# What you need to do:
From the records below, output exactly the lines running from the line containing "Smiling manager and" through the line containing "A starburst chandelier", and no others.

# Listed entries:

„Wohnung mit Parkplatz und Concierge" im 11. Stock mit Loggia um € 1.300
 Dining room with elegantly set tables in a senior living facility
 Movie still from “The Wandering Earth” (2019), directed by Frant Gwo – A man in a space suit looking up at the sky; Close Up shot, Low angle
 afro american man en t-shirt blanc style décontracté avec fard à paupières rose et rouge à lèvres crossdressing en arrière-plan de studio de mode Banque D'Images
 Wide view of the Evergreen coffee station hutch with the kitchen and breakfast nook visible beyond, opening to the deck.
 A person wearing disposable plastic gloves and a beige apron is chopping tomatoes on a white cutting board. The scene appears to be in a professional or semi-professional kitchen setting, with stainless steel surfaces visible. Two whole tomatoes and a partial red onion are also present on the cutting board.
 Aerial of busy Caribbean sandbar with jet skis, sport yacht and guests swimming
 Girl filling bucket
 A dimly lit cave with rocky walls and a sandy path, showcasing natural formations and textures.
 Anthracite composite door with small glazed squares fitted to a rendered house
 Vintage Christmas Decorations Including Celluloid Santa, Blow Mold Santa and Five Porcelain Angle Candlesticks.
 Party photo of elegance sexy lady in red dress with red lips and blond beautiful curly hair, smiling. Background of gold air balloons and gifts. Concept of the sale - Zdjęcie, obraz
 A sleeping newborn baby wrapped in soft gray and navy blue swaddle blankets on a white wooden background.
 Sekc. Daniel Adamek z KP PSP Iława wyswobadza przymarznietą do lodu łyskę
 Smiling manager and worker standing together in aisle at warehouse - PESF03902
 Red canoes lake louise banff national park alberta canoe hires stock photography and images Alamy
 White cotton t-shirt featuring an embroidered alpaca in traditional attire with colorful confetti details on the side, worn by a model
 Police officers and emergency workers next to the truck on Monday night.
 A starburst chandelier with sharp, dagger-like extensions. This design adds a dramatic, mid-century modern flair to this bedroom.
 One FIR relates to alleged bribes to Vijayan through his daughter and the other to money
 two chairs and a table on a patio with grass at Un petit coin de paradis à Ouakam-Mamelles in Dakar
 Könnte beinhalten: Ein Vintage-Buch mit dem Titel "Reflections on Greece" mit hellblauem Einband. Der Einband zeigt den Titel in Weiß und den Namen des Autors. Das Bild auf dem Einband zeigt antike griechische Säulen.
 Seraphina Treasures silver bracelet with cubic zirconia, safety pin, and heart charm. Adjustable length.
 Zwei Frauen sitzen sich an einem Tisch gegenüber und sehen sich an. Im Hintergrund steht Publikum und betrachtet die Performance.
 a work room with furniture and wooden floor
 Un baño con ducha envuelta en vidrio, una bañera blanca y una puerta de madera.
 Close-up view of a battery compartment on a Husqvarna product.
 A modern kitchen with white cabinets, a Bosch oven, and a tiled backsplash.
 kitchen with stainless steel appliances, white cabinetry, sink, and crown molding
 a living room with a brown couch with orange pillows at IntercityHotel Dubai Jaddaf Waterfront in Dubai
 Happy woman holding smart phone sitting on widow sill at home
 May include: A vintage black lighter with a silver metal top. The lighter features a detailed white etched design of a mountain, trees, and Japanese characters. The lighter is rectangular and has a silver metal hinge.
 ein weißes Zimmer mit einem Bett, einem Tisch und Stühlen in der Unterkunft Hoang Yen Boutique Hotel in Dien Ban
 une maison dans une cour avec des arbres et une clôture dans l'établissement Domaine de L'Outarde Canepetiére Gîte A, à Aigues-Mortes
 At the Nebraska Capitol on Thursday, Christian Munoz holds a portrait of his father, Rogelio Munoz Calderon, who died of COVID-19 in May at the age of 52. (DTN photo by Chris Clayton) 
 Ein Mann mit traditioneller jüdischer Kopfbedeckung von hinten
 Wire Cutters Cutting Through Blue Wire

# Exercise solution:
 Smiling manager and worker standing together in aisle at warehouse - PESF03902
 Red canoes lake louise banff national park alberta canoe hires stock photography and images Alamy
 White cotton t-shirt featuring an embroidered alpaca in traditional attire with colorful confetti details on the side, worn by a model
 Police officers and emergency workers next to the truck on Monday night.
 A starburst chandelier with sharp, dagger-like extensions. This design adds a dramatic, mid-century modern flair to this bedroom.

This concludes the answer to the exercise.